I am also a fan of tall speakers - ribbons or ESLs.
I own some! :D

I also have admit to I like the sound of ribbon microphones (RCA 44B/BX) compared to condenser mikes, and expect similar virtues in the inverse device - sweetness, beautiful tonal character, and a relaxed, natural sound that is also revealing of small details.

So I'll leave it to others to explore what horns and waveguides can do - the choice of the tweeter, in all honesty, is a relatively small part of the overall design, and very much subject to personal taste. The most important decision - and this is subjective, again - is the choice of the wideband driver.

I guess much has to do with personal preferences in that tricky department of compromises, as well as one's own hearing & perceptions. My own experience is that the tweeter is absolutely critical, although no one component or factor trumps all the others.

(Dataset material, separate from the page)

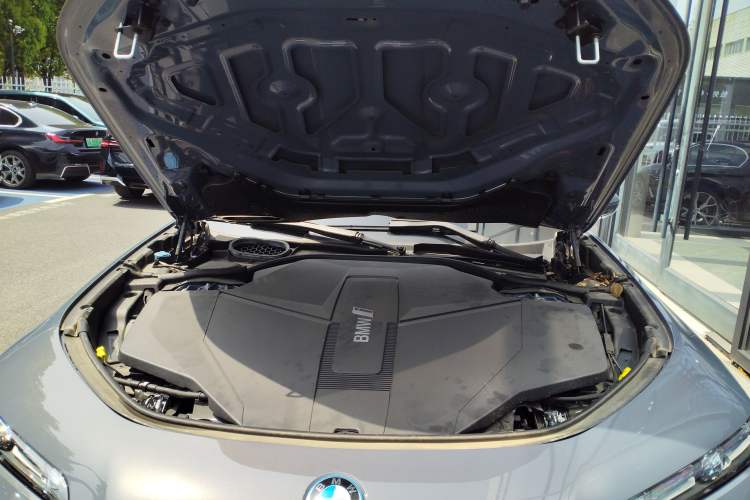 Used BMW i7 2023 eDrive50L Prestige M Sport Package Engine Bay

This driver must be musically consonant and pleasing to listen to full-range; the tweeter and LF drivers are add-ons that are chosen after the widerange driver is selected. This is the same protocol that I used for the Ariel - it took several years to settle on the 5.5" Vifa midbass driver, which then drove the rest of the design. BudP's EnABL process expands the choices, which is all to the good, since there are very few really beautiful-sounding drivers in the 96~100 dB/metre efficiency range.

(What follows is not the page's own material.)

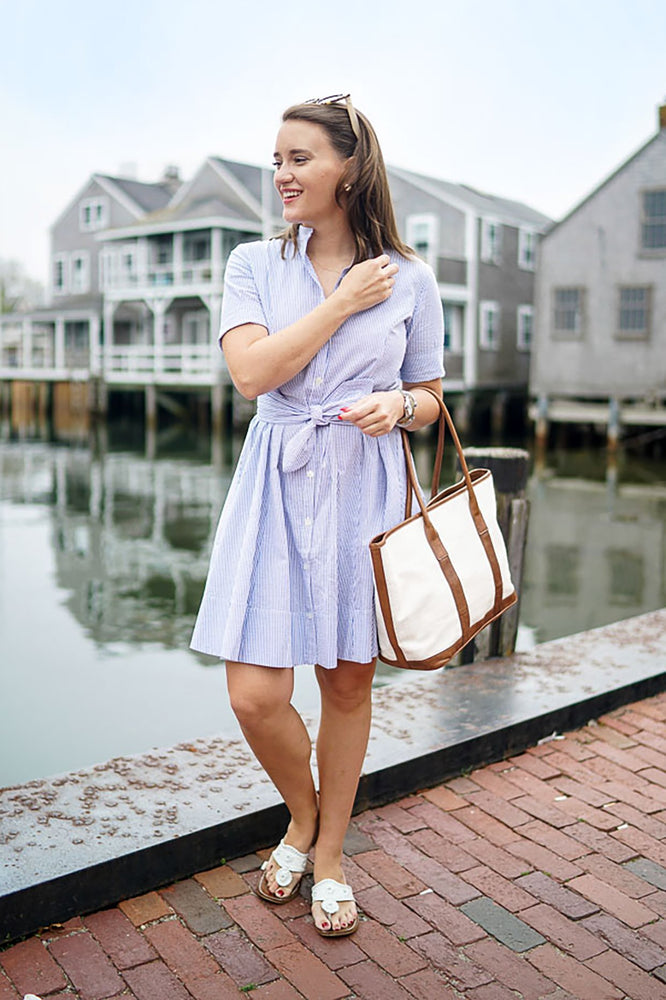 T-Shirt Dress untuk Outfit Preppy Wanita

The concept of an open-baffle system with a single widerange driver, assisted by a frequency-selective open-baffle bass array, is pretty open-ended. A ribbon vs waveguide+compression driver will give a very different HF presentation, which is a matter of taste as much as anything. Similarly, choices in widerange driver span the distance from a modified Visaton B200 to highpass-filtered Lowthers and AERs to different models of guitar and prosound speakers to PHL and Fertin field-coil drivers.

It's interesting to hear how you conceptualize your system's factors. We're not very far apart in concept, perhaps slightly different in terms of the solutions we'd employ to solve the problem?